■ Data in this exercise:
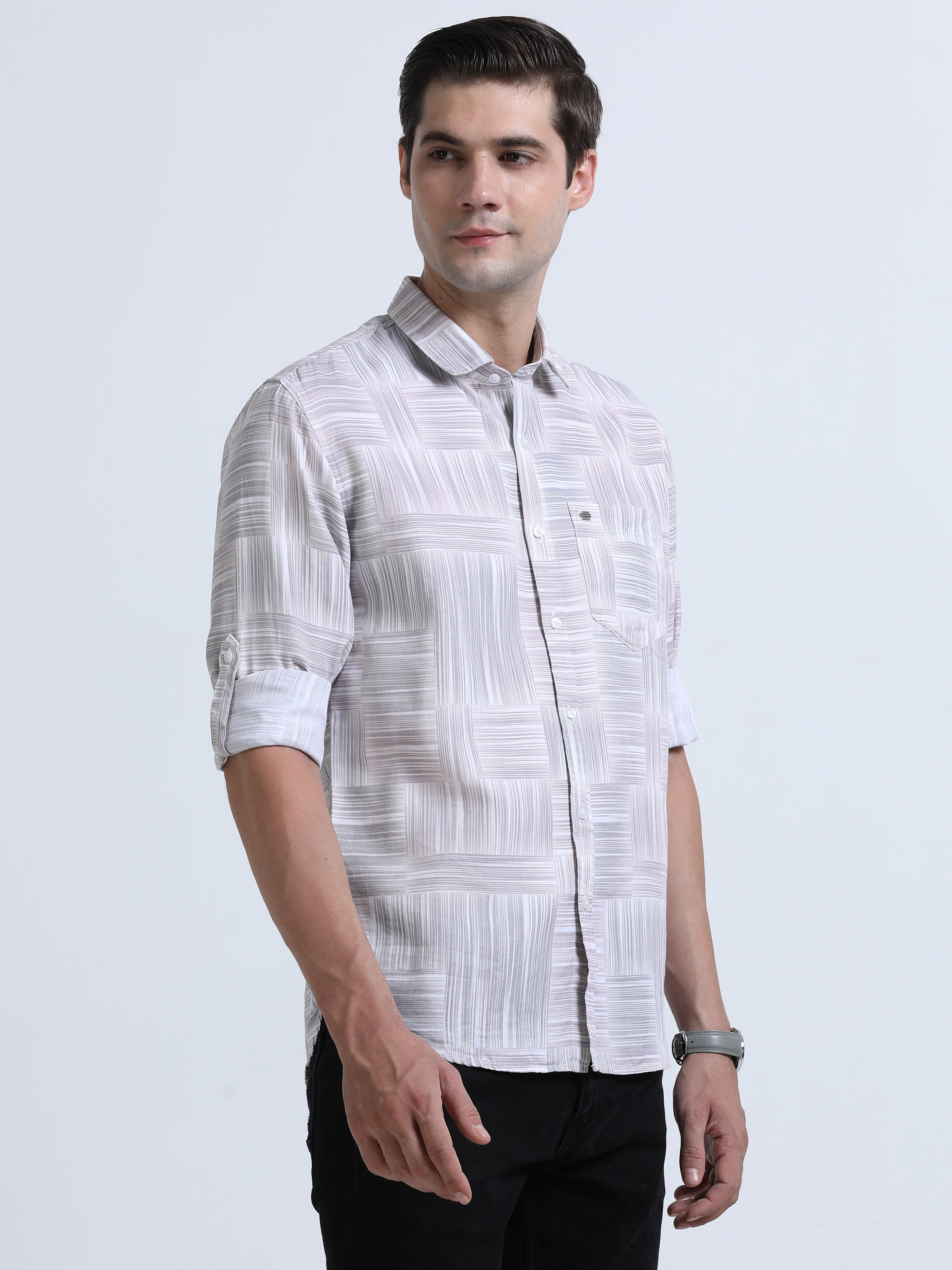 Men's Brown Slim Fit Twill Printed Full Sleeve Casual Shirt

==

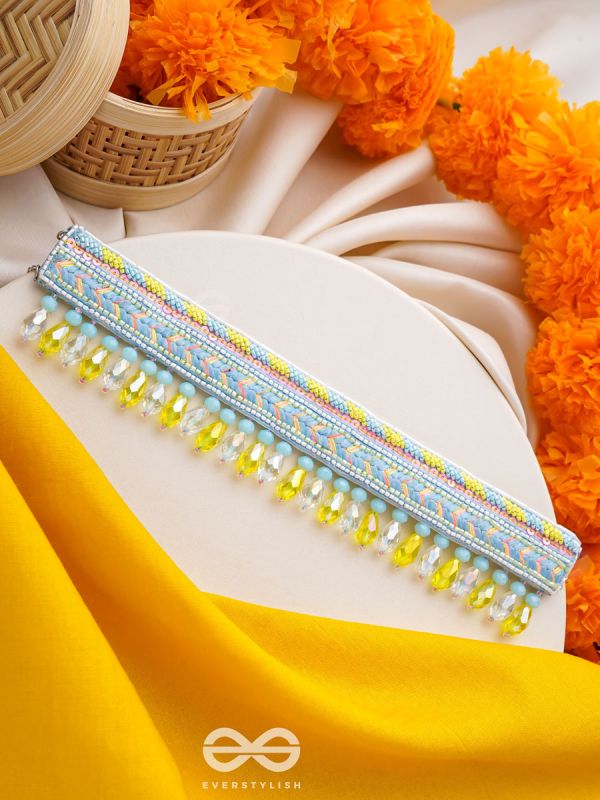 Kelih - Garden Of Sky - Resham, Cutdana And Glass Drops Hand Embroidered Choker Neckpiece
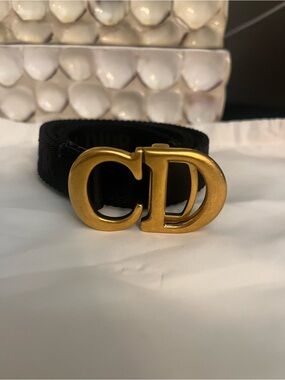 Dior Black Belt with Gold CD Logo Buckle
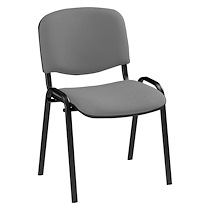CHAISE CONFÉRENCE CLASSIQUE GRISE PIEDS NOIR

■ What to do: Word for word, restate the lines above from the one with "Kelih - Garden" through the one with "CHAISE CONFÉRENCE CLASSIQUE GRISE PIEDS NOIR", keeping both ends and dropping the pictures.

■ Response to this exercise:
 Kelih - Garden Of Sky - Resham, Cutdana And Glass Drops Hand Embroidered Choker Neckpiece
 Dior Black Belt with Gold CD Logo Buckle
CHAISE CONFÉRENCE CLASSIQUE GRISE PIEDS NOIR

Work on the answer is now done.